One thing to note is that when using NFS, it’s extremely difficult to max out the Synology device. I don’t think this is a saturation issue.
Have you tried copying anything over with HA disabled on the Synology device? If you were able to do this, we could rule out that HA is having an effect.
Also, have you confirmed that the health of all your disks are good? I had an issue where one drive was failing, but it wasn’t reporting as failing or failed. Performance came to a grinding halt, and all access to the Synology unit was lost. After restarting the unit a number of times, all my data was lost. I replaced a disk that finally was marked as failed, and all my issues went away. Thankfully in my case, all my VMs were backed up.
Also, have you tried copying a vmdk via the vSphere client data store browser? This may be an idea to see if it also happens with that.

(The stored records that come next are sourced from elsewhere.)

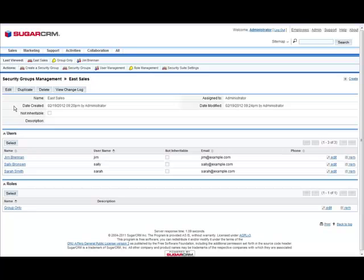Now let's see the Security Group roles in action. To do this, first hover over Sales from the tabs and select Accounts.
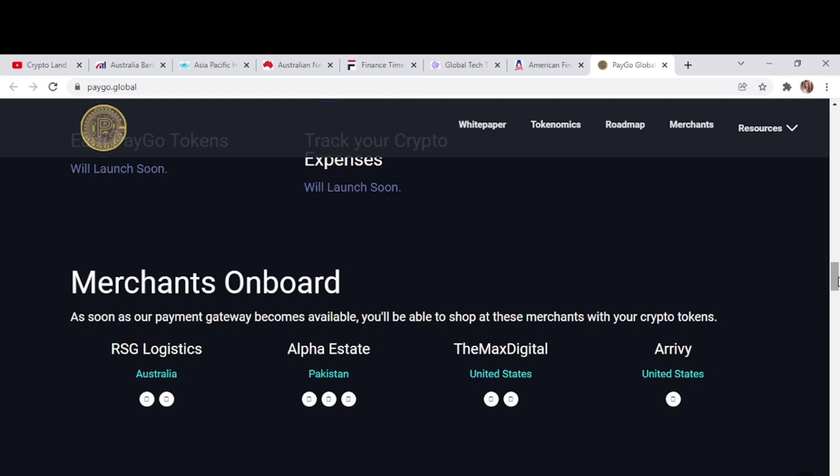Here you can see the merchants onboard. They have already done many partnerships and will do more partnerships to make this project huge and to make PayGo acceptable all over the world. As soon as the payment gateway becomes available, you'll be able to shop at all these merchants with your crypto tokens: RBG Logistics Australia, Alpha Estate of Pakistan, TheMaxDigital United States, and Anrvy of United States.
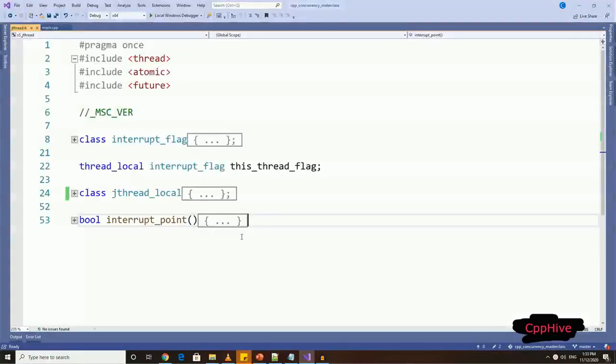Hi everyone. Now that we have seen the basic functionality of jthread, let's try to implement our own version of jthread. So let's jump right into the implementation.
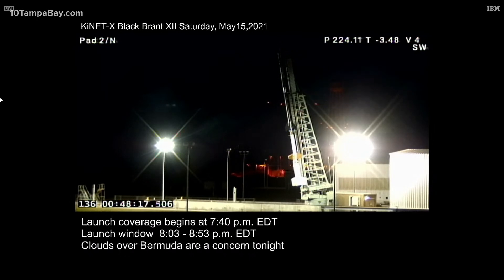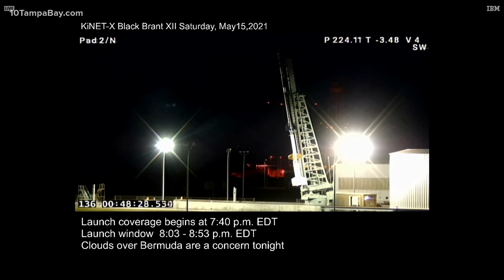Go for RSO. Provide final wind-weighted settings. Final settings are azimuth 102.2, elevation 80.5. Azimuth 102.2, elevation 80.5. Good read back. Check 177.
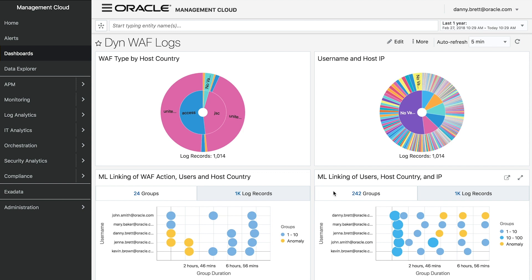These last two visualizations I'd like to talk about briefly because they leverage Oracle Management Cloud's AI and ML capabilities. These are all included out of the box. You don't need to have a PhD in data science. You just click a few buttons and you immediately get some insight into your data.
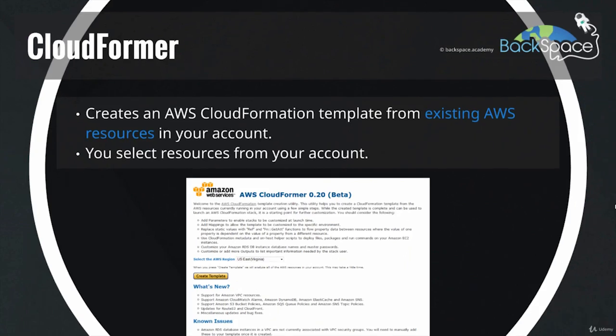CloudFormer is an application that runs on an EC2 instance, and you deploy that application using CloudFormation. Once deployed, the application running on that EC2 instance will look at all of your infrastructure in your account, compile it for you, and let you select those resources so it can automatically put them into a CloudFormation template. That's great if you have existing infrastructure and don't want to manually create a CloudFormation template — CloudFormer can do it all for you.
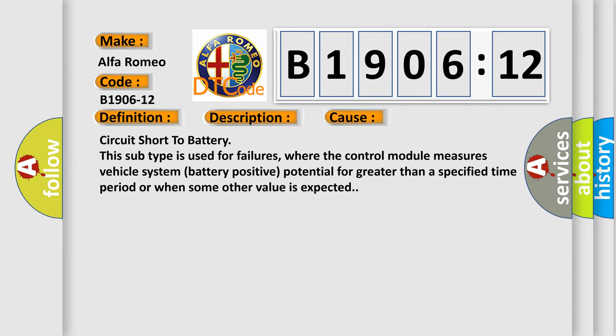This diagnostic error occurs most often in these cases: Circuit short to battery. This subtype is used for failures where the control module measures vehicle system battery positive potential for greater than a specified time period or when some other value is expected.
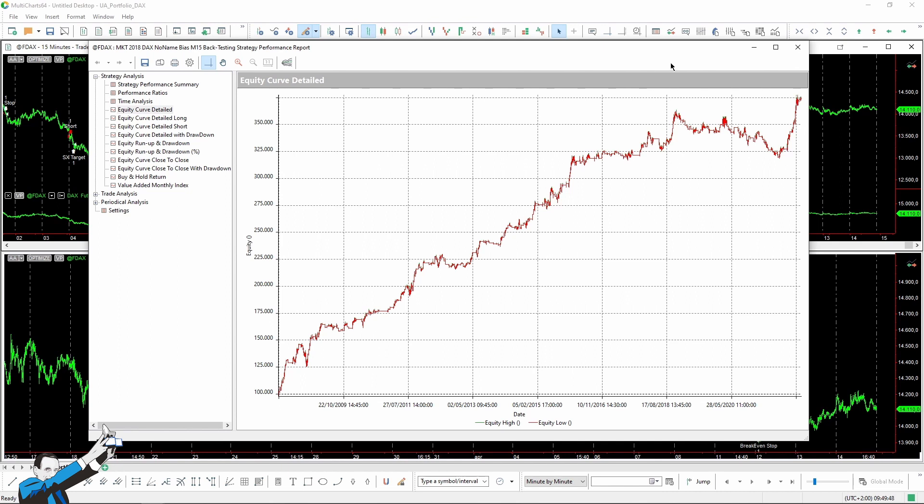So using some equity control tools could be helpful to manage strategies in such phases. For example, at Unger Academy, we use our proprietary software, which is called Titan, to evaluate the strategy's period after period and avoid using the ones that are going through a period when they are not performing well enough. So at a certain point, when we saw that the strategy would have probably started working again, we resumed it.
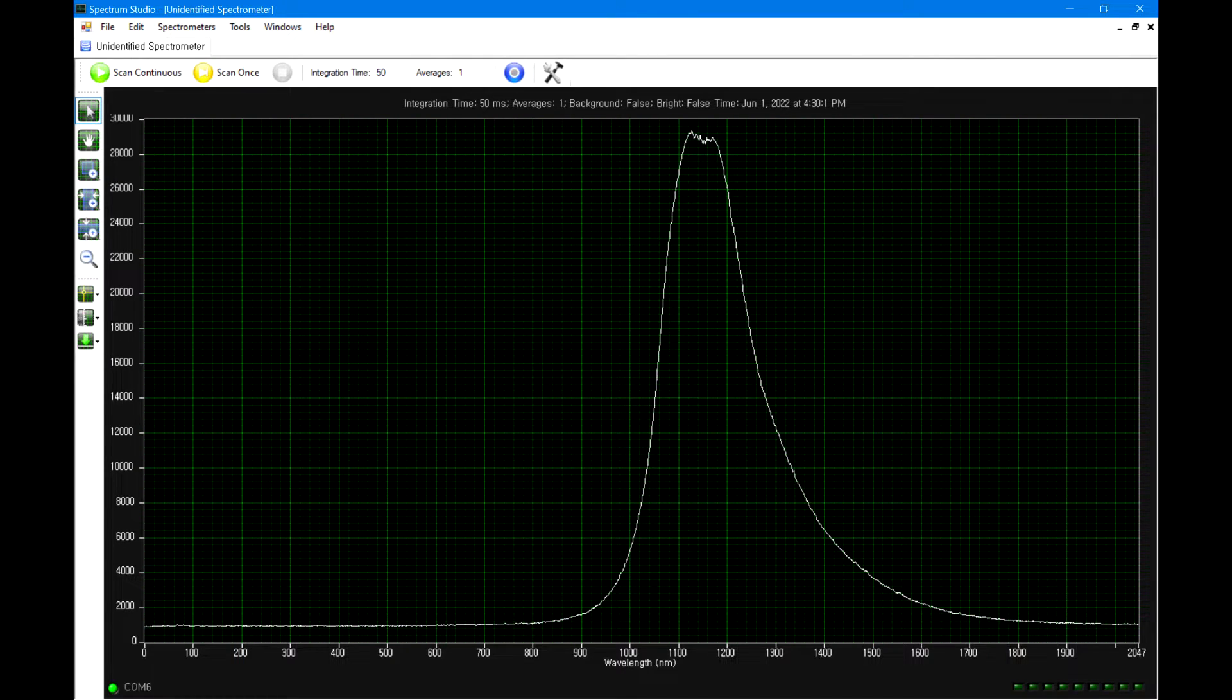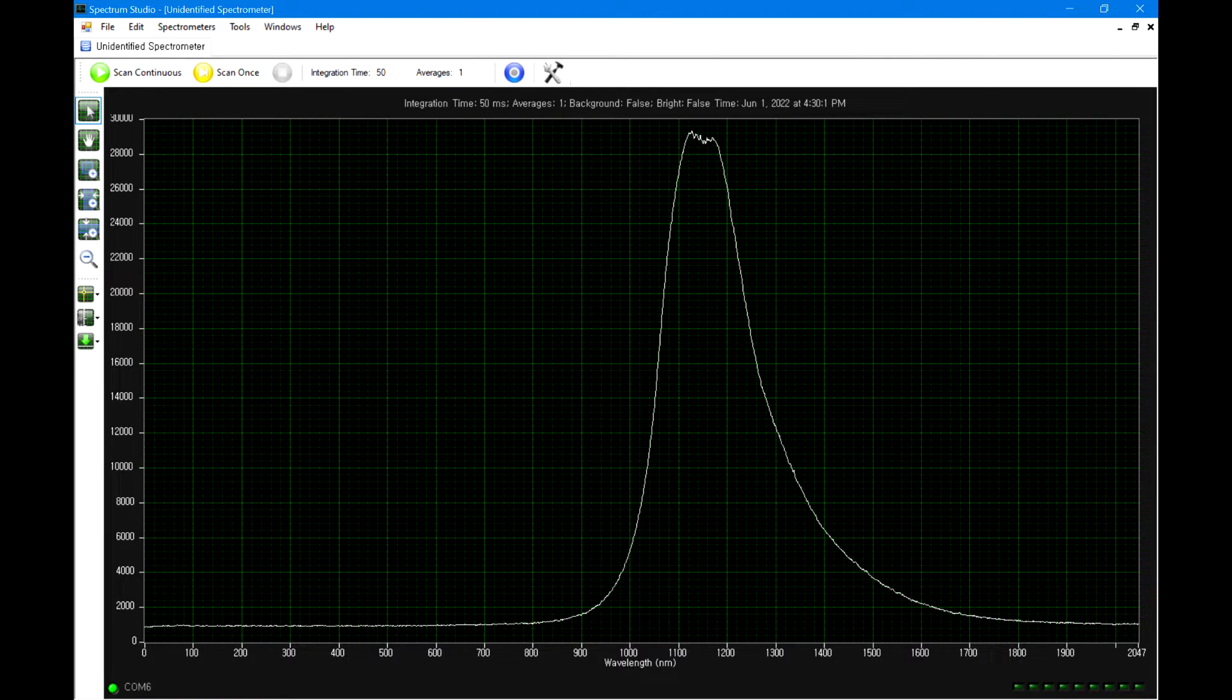I ran a test again using yellow LED, and it does make sense since it is shifted towards the right, but the peak wavelength was off again.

And one last question I have to ask. When you’re copying, I’m assuming the VM has been removed from inventory and powered off? Just to make sure there aren’t any locks on the files, or anything like that.
Stephen
Hi Stephen
Thank you for your quick respond i been going in circles as this first time i see such behaviour
only thing i didn’t try is disable the HA , since its production environment its very sensitive subject
to answer your questions
all disks are running fine and been audited weekly
we have 2 volumes
4 disks samsung ssd pro 512 gb configured in raid 5
4 disks wd 4 TB configured in raid 10
in daily operation everything is running smooth and we getting good IOPS from both volume
i notice that network speed is not reaching its utilization but since performance is good on the vm’s it self we didn’t care
another note that i did try the upload direct to data store from vsphere client same issue big vmdk file or any file more then 30 gb , once the transfer reach 20 gb we start seen esxi losing connection
another then if we have windows 2008 vm for example already on the ssd volume and it generating backup on another disk located within the same folder same volume
same issue happen
regarding vm lock question confirmed of course no locks on the file no errors in write
one more thing i did test
copying the file away from nfs by scp
the idea was SCP From esxi direct to synlogy box via ssh so we avoid nfs
same thing
Regards
Hi Amr,
This is definitely an interesting issue. I know you said you can’t do it, but I can’t comment until you disable HA. Or atleast take one of the HA nodes offline.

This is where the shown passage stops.